The Conservative government announced – with much fanfare – that it will release £5bn to boost housebuilding. Some £3bn of this would go through the new Home Building Fund, while £2bn has been allocated through the Accelerated Construction Fund.
All of this is to be managed by the Homes and Communities Agency. Its chief executive, Mark Hodgkinson, said the HCA was determined to speed up delivery and promote new approaches to housebuilding. “The new Home Building Fund offers the industry flexible development and infrastructure finance and we are open for business right away,” he said.
But not all of this is new money, nor is all of it guaranteed.
In fact, £2bn will be recycled from existing funds, while
the £2bn for the Accelerated Construction Fund will be
raised through new borrowing.

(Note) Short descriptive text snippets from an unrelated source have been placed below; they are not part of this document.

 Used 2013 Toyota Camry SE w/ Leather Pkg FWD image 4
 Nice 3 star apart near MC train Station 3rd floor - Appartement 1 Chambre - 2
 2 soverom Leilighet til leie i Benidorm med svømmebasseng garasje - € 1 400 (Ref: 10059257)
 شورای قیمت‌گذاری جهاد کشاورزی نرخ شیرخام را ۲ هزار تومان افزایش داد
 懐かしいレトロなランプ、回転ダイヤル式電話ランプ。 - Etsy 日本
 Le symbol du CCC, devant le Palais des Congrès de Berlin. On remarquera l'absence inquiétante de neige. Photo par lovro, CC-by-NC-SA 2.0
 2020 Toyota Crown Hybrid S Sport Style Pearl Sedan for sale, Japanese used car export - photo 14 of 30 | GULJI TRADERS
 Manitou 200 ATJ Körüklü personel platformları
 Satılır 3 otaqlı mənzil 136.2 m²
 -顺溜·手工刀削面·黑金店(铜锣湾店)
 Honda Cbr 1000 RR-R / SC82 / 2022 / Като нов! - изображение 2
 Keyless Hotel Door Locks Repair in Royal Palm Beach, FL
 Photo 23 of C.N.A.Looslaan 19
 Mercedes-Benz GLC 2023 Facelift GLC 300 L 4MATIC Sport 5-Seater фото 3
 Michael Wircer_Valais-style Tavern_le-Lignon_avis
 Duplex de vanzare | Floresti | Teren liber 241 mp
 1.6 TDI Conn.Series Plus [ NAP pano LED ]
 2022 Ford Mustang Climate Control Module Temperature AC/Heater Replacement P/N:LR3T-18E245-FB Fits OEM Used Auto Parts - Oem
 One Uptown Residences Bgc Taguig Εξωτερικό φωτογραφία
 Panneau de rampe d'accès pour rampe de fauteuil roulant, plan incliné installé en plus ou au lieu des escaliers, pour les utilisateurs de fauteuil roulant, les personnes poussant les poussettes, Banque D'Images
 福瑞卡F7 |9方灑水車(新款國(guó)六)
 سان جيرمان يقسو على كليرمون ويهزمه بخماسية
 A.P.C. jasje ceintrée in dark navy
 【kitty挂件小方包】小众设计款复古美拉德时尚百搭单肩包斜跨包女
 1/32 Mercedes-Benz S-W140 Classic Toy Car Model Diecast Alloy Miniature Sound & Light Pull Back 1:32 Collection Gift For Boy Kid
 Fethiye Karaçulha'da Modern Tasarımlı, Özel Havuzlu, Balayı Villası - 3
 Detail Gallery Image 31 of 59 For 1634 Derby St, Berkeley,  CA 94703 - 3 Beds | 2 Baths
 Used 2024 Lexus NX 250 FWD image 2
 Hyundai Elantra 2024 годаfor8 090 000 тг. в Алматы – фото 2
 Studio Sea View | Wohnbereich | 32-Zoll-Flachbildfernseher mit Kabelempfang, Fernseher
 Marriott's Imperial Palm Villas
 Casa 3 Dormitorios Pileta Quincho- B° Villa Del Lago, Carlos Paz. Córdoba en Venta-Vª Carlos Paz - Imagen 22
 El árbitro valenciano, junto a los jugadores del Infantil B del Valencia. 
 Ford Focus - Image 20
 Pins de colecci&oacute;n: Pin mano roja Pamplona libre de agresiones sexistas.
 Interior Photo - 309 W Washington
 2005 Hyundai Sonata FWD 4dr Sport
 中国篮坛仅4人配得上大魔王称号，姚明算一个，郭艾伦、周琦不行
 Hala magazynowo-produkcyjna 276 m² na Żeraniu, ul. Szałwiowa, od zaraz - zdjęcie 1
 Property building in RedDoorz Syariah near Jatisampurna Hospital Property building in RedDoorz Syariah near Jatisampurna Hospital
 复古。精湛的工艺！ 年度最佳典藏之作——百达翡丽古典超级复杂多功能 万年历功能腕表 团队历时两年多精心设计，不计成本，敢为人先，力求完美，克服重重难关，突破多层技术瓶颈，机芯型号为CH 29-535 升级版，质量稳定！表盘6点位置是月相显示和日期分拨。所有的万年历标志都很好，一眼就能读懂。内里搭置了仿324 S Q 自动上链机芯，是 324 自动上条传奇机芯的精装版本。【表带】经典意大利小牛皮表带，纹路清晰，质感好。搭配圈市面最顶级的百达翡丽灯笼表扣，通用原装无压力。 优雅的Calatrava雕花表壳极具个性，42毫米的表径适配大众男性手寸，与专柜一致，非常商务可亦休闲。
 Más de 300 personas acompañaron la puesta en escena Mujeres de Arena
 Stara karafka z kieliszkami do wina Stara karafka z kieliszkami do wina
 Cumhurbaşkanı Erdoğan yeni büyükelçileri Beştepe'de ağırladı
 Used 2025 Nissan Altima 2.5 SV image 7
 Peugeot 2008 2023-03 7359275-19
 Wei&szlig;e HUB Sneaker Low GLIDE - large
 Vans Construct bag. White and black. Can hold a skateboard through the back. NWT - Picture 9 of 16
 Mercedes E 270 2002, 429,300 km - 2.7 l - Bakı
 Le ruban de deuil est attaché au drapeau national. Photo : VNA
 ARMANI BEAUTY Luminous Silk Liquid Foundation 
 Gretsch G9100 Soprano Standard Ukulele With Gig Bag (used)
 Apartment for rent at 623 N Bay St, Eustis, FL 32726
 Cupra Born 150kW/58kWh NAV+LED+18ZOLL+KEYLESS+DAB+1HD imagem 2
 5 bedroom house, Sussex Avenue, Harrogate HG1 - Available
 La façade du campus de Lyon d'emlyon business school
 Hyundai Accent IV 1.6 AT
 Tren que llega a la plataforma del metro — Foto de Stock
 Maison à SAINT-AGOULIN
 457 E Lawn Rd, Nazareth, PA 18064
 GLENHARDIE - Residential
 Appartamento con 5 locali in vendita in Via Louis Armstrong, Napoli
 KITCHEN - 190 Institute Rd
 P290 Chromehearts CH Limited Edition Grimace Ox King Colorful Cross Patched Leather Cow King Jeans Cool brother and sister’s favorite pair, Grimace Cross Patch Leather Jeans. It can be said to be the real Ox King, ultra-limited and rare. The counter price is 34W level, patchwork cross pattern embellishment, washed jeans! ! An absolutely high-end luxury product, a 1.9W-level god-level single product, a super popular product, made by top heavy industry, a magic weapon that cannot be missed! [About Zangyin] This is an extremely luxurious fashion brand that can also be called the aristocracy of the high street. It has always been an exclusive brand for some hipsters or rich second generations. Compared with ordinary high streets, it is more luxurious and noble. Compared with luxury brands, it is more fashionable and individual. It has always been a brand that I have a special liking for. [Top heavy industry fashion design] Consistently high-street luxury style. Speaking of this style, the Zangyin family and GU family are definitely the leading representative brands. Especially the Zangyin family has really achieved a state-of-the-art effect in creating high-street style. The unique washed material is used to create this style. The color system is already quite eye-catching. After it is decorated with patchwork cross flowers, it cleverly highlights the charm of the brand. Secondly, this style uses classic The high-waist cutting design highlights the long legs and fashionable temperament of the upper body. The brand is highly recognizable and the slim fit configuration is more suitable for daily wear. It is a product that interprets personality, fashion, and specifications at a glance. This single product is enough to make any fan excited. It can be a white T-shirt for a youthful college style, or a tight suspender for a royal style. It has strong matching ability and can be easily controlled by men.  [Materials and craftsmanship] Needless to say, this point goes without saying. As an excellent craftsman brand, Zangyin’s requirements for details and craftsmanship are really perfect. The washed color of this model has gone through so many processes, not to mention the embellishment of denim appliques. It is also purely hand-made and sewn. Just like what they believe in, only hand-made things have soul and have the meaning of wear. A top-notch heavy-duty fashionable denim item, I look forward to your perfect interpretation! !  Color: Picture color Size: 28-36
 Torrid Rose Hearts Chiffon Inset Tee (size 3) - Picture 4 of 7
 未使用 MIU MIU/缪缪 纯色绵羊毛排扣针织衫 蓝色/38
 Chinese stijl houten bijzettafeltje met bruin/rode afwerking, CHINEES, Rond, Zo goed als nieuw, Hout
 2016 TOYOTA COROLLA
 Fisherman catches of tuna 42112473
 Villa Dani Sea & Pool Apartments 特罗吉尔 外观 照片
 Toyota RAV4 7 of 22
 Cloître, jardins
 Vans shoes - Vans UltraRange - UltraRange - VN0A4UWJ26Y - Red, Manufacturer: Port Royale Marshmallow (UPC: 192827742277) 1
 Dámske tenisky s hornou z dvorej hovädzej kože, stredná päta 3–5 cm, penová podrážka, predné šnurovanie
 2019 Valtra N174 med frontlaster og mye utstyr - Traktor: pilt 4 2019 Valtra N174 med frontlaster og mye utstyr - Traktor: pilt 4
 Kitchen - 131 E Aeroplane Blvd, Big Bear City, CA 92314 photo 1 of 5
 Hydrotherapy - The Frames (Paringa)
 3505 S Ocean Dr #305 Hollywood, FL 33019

That cash could be used for a range of different incentives, not least the underwriting of schemes of units that do not sell to encourage their faster development.
But the intention is that some of this money will not have to be spent. Last week, at the Housing Market Intelligence Conference, HCA chair Sir Edward Lister said that the HCA would ideally never spend a penny of that money, and instead use it only where there is market failure.
The conditions imposed by the HCA on accessing the money could also be problematic – as funding has been in the past – though the rates released in the guidance are competitive.
The challenge will be making sure the cash gets spent.